*** Records shown Section Begins ***
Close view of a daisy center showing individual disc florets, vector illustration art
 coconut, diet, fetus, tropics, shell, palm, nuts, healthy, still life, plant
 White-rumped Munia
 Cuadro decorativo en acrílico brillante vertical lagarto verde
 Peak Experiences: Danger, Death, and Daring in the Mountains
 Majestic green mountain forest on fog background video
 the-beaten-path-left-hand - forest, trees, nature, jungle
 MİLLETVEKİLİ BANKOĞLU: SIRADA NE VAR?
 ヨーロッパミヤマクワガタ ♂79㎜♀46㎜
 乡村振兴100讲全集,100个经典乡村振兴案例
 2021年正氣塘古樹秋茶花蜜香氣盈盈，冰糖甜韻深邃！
*** Records shown Section Ends ***
• The task: Once you reach the line that contains "White-rumped Munia", print it and every line after it exactly as written, stopping at the last line of the records and adding nothing.

• Result:
 White-rumped Munia
 Cuadro decorativo en acrílico brillante vertical lagarto verde
 Peak Experiences: Danger, Death, and Daring in the Mountains
 Majestic green mountain forest on fog background video
 the-beaten-path-left-hand - forest, trees, nature, jungle
 MİLLETVEKİLİ BANKOĞLU: SIRADA NE VAR?
 ヨーロッパミヤマクワガタ ♂79㎜♀46㎜
 乡村振兴100讲全集,100个经典乡村振兴案例
 2021年正氣塘古樹秋茶花蜜香氣盈盈，冰糖甜韻深邃！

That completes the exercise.